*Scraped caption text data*
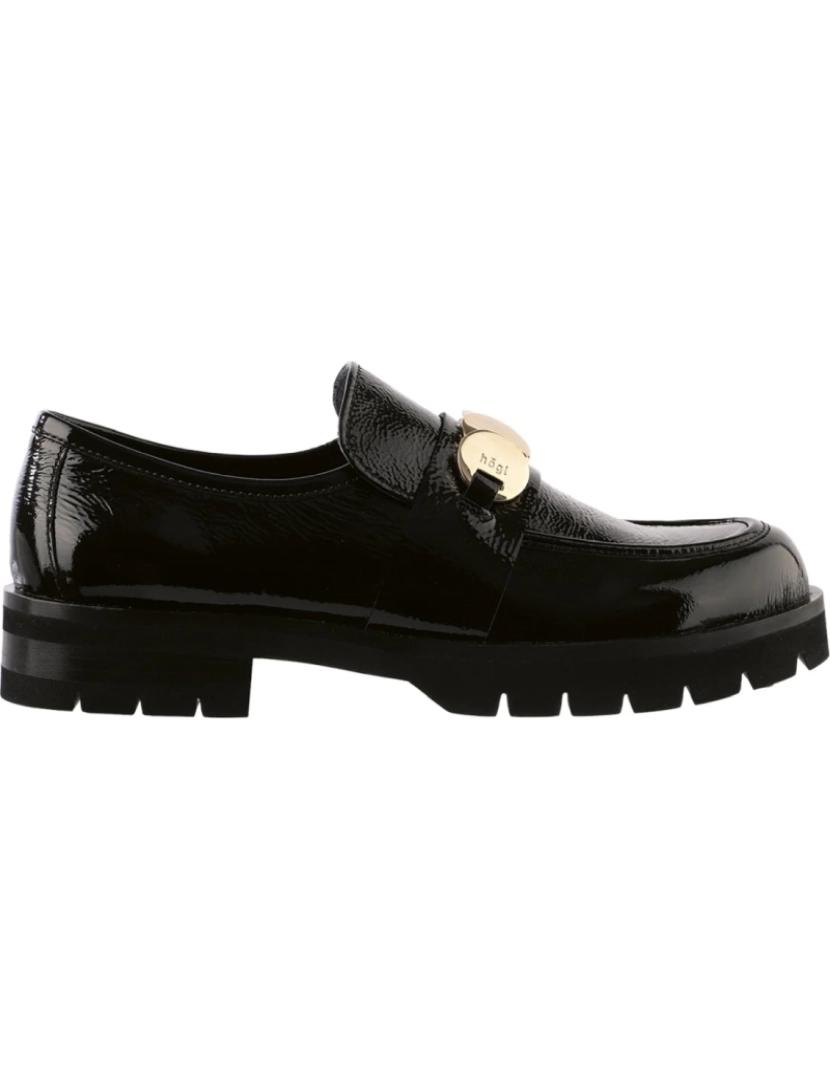 imagem de Hogl Black Loafers sapatos femininos3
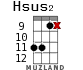Hsus2 для укулеле - вариант 11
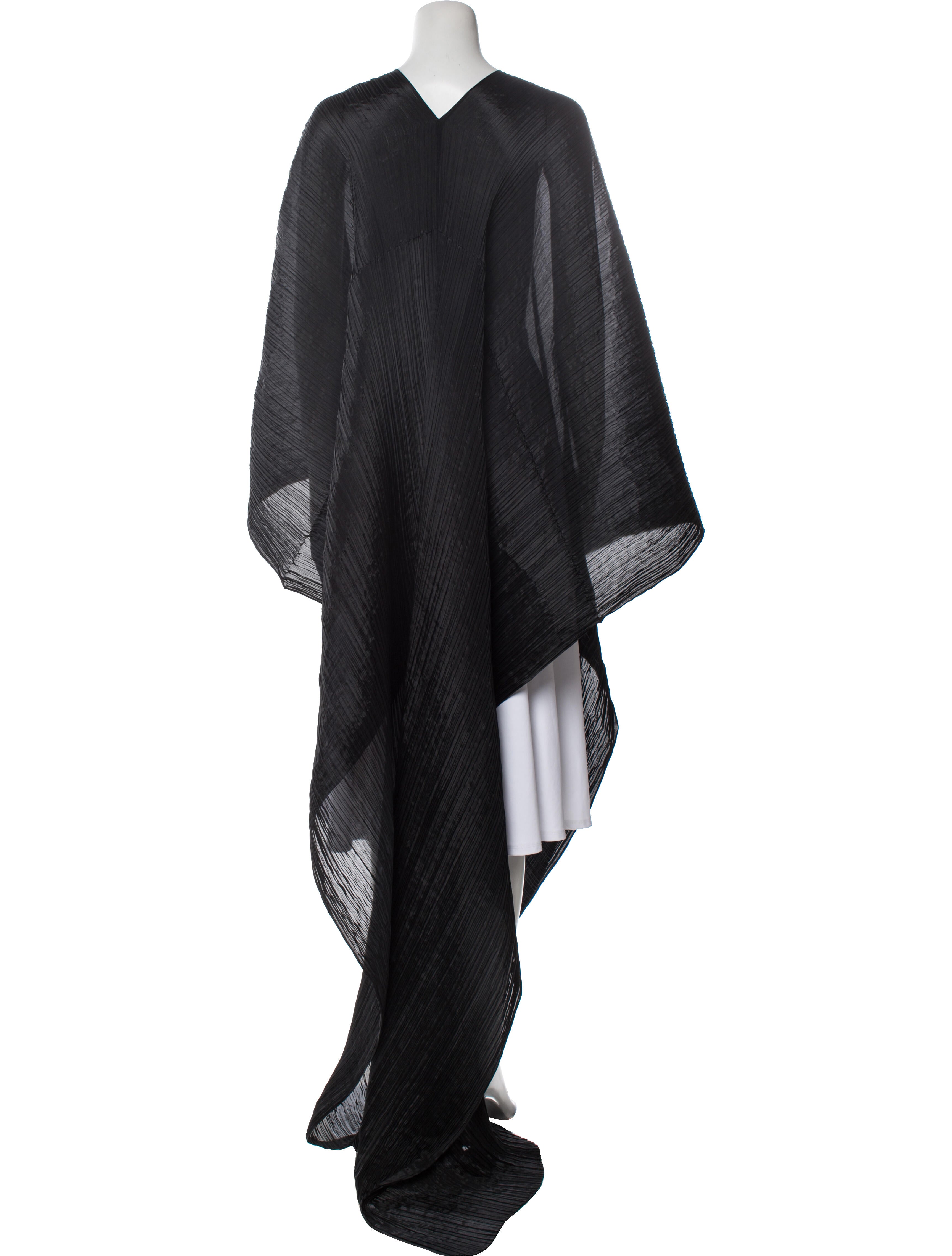 Pleats Please Issey Miyake Shawl - Black Scarves and Shawls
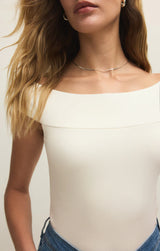 clean neckline top, layering essential top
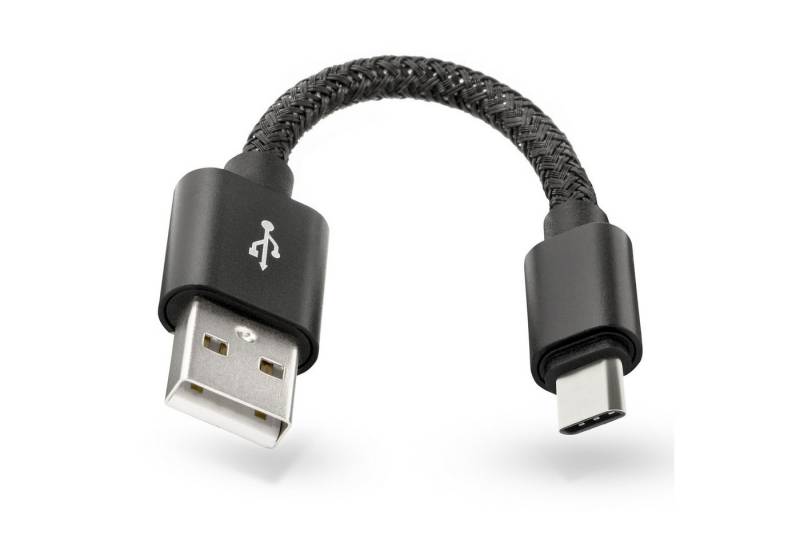 Mobilefox USB Typ-C auf USB 12cm Kabel Stecker Laden & Synchronisieren Daten Smartphone-Kabel von Mobilefox
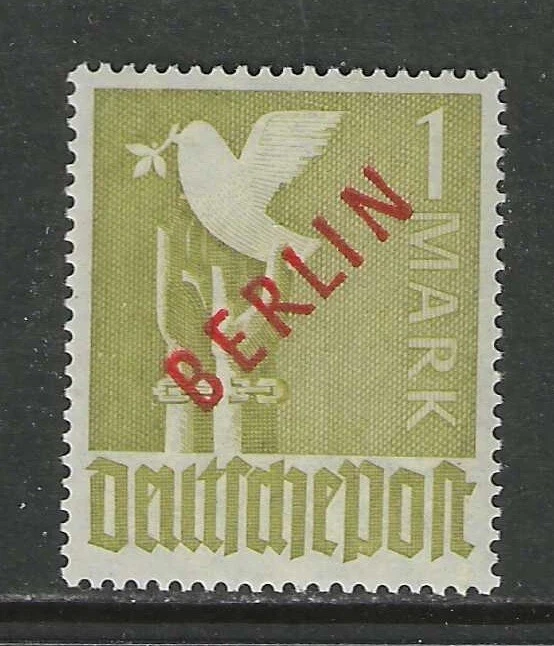 Alemania 1949 Berlín Oeste 1 marco rojo sobreimpresión como nuevo** firmado $ 647,00 Foto 1 de 1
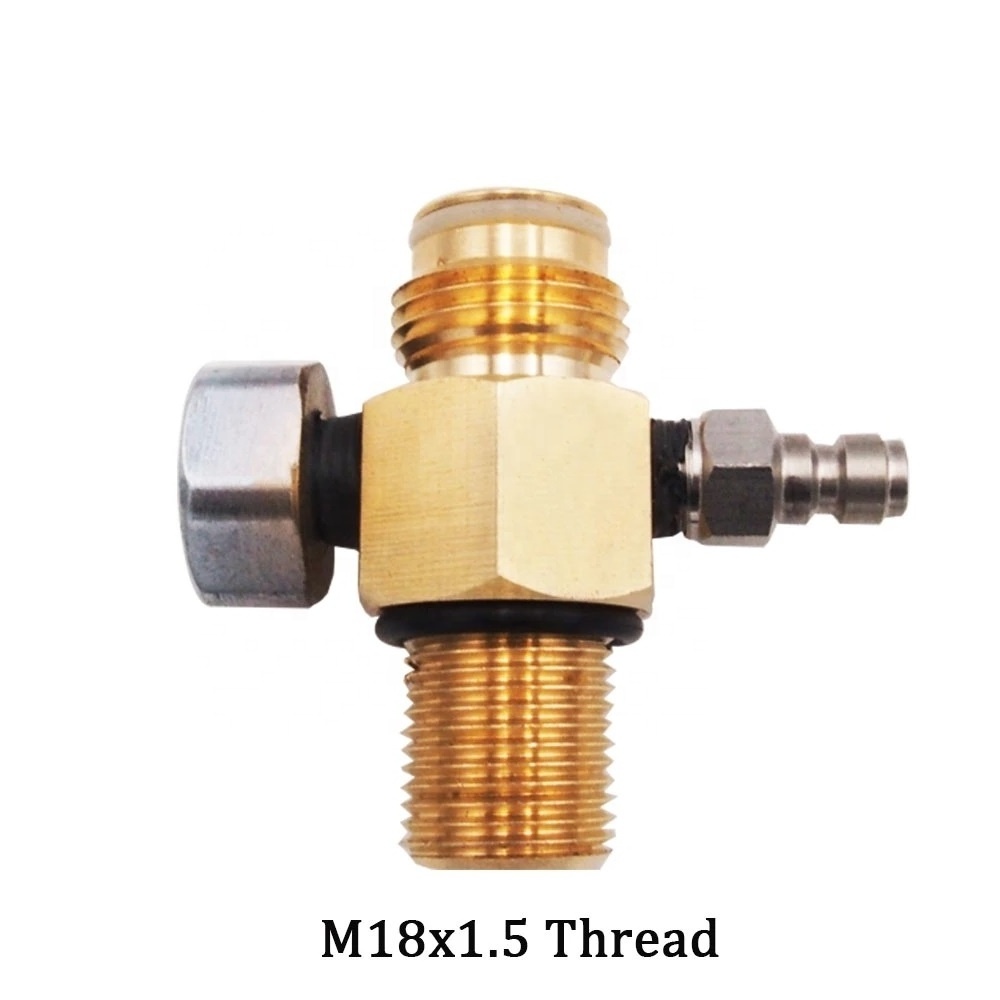 M18x1.5 Thread  HPA Tank  Pressure Regulator Pin Valve for Paintball PCP Air Tank Cylinder Regulator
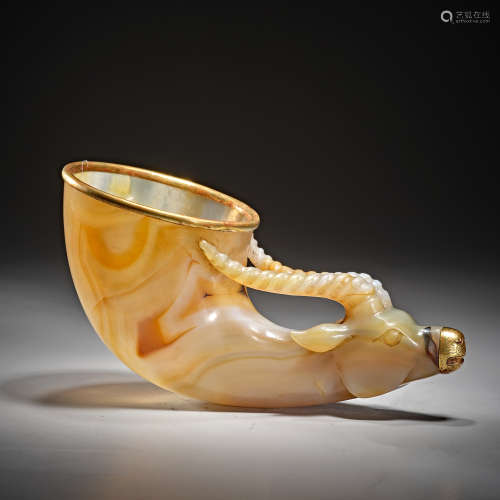 China Tang Dynasty agate cup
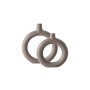 WALLXPERT Vaza Rings Set Mink - slika 2
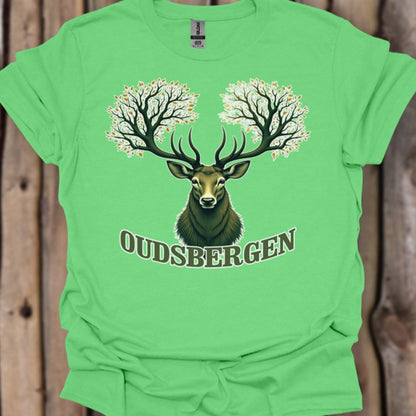 Cerf avec ramure d'arbre Oudsbergen T-shirt tendance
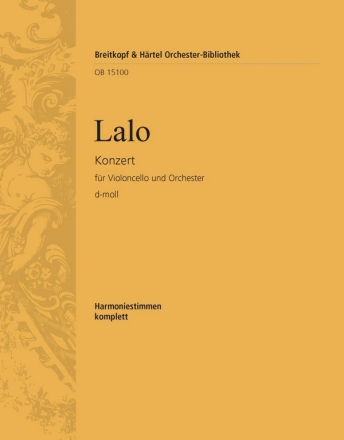 Konzert d-Moll fr Violoncello und Orchester Harmonie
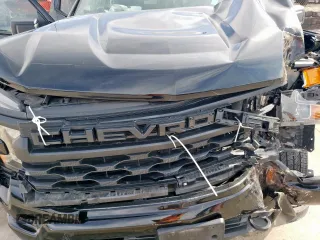 2024 Chevrolet Silverado 1500 Custom with VIN 3GCPABEK0RG245584, listed as a Copart auction lot 50540105 with 43,937 mi miles and Salvage Title. Bid and sale history available at DreamBid. Image 12.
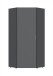 Eckschrank >MULTIRAUMKONZEPT< in Graphit - 80x185x80cm (BxHxT)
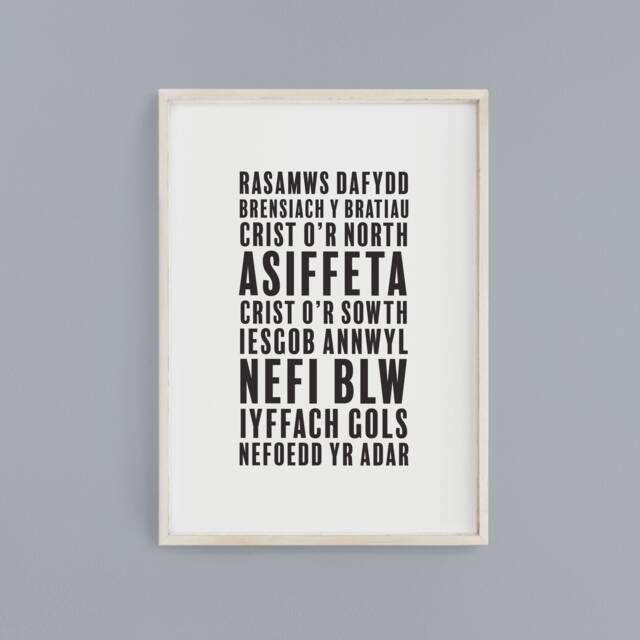 Print Ebychiadau Cymraeg, Dywediadau, Good Day, Welsh Gifts, Prints, Printiau Cymraeg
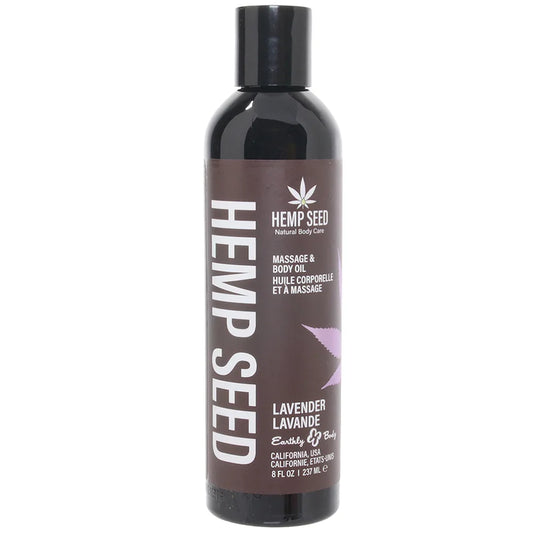 Hemp Seed Massage Oil 8oz/236ml in Lavender — buy in Edmonton | Heaven Boutique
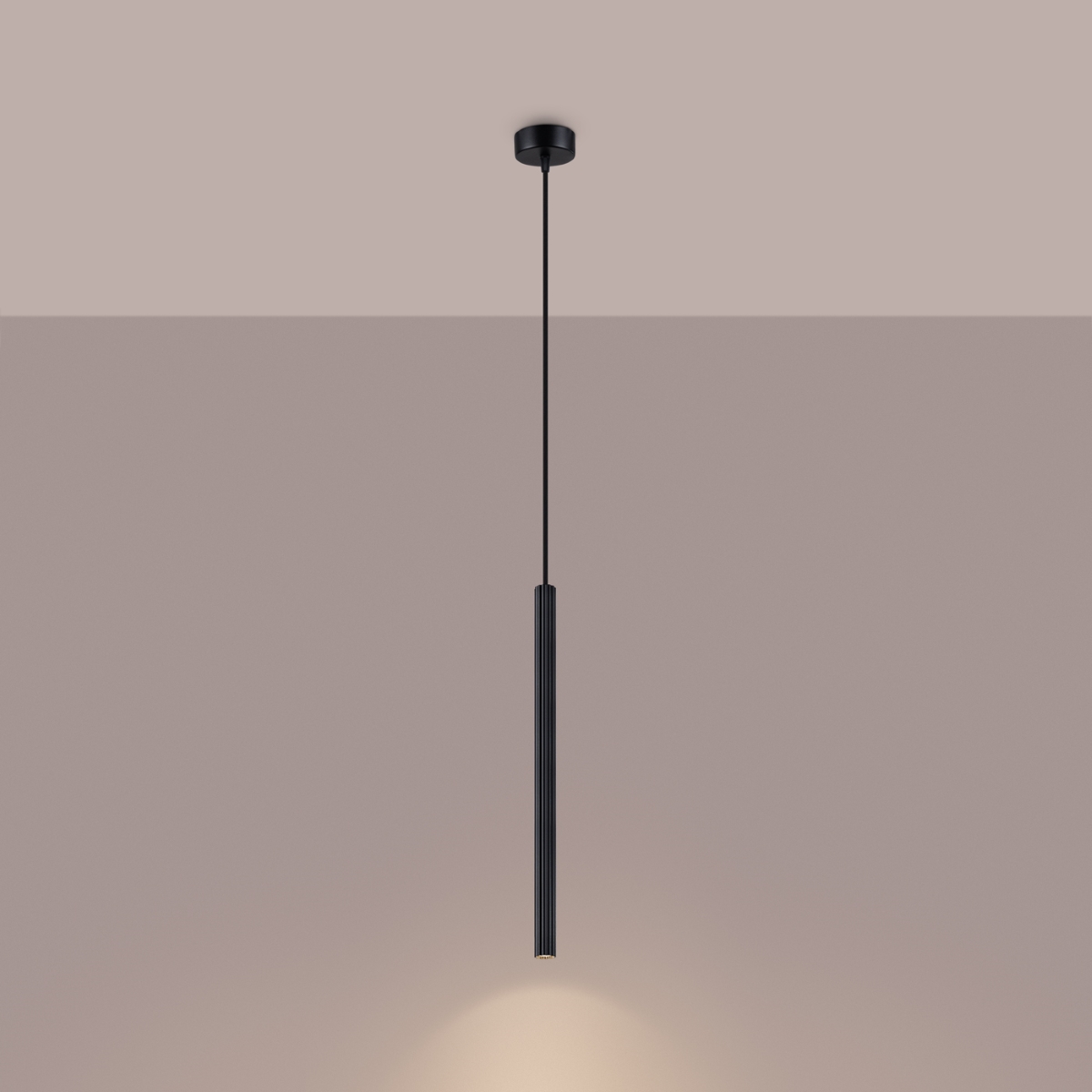 Lampa wisząca ARCHE 1 czarna SL.1338 - Sollux - obrazek 3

*Task directions*
Starting at the line that contains "Print Ebychiadau Cymraeg, Dywediadau, Good", reproduce exactly and only the lines through the end of the entries above, with the pictures excluded.

*Response below*
 Print Ebychiadau Cymraeg, Dywediadau, Good Day, Welsh Gifts, Prints, Printiau Cymraeg
 Hemp Seed Massage Oil 8oz/236ml in Lavender — buy in Edmonton | Heaven Boutique
 Lampa wisząca ARCHE 1 czarna SL.1338 - Sollux - obrazek 3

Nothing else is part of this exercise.